That family did not like the trees at all. They never picked or preserved any fruit, and all the pears, apples, and cherries fell on the ground, rotting there. There were not enough wild birds to get to them and the family did not keep any chicken, ducks, or pigs like the family before did. In the first three years, the new family took down all of the poplar trees with the brush under them. They were growing around the farm’s boundaries on three sides behind the main house, making up the farm’s natural fence. The new family had a lot of young men in it who took the trees down with the axes, chopped them up and stored the logs in big stacks in the shed. In the winter, they would take the logs to the house and never bring them back.
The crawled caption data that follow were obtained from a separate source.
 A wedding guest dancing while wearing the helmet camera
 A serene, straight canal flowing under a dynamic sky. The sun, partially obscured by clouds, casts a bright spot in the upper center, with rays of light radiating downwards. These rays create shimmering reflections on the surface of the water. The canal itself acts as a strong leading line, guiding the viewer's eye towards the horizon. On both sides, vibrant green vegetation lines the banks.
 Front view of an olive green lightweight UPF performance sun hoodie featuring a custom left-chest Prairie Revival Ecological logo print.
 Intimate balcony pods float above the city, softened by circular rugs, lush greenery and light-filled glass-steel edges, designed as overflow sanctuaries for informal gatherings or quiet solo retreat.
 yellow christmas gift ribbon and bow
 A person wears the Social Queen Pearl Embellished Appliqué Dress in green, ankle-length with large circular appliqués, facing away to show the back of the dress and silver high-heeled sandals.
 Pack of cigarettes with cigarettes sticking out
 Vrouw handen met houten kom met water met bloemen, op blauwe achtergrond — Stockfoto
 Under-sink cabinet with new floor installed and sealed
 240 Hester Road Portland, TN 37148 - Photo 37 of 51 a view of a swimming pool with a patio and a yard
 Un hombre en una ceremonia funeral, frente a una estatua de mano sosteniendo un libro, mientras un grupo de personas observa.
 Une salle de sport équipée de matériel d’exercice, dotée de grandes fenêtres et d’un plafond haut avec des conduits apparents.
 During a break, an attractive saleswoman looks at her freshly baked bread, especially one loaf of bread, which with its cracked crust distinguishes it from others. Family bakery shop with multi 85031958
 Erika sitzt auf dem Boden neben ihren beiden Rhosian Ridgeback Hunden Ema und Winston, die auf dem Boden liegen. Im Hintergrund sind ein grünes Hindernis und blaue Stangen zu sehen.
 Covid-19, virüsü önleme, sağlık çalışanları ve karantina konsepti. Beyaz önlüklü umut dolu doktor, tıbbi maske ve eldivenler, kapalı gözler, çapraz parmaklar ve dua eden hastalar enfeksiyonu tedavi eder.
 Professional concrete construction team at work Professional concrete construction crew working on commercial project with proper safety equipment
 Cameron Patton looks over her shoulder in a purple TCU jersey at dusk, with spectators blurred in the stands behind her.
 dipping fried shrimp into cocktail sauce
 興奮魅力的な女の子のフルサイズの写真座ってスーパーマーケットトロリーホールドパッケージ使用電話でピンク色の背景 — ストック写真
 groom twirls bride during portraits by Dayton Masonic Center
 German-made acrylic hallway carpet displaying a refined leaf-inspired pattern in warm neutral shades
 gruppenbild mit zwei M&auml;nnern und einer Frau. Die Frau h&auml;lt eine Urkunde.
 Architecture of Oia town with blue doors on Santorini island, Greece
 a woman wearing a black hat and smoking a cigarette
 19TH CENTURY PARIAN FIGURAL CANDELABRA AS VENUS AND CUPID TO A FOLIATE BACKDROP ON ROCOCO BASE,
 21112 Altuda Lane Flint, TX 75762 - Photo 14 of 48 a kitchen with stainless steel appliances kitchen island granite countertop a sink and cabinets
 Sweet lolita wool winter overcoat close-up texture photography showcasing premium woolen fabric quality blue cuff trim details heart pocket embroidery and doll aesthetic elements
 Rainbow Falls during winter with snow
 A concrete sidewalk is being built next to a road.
When all the poplar trees were gone, they cut the two old mulberry trees. In a year or two, the apple and cherry trees were gone and Pear found itself alone in the middle of the farm that was transformed from a small crop farm to one big sheepfold. Pear was tired, feeling old and lonely. It missed the old family dearly. It was also quite puzzled by why it was still standing. The new family put the asphalt everywhere on the ground so that they could drive the sheep easier in and out. But Pear was still sticking out in the middle.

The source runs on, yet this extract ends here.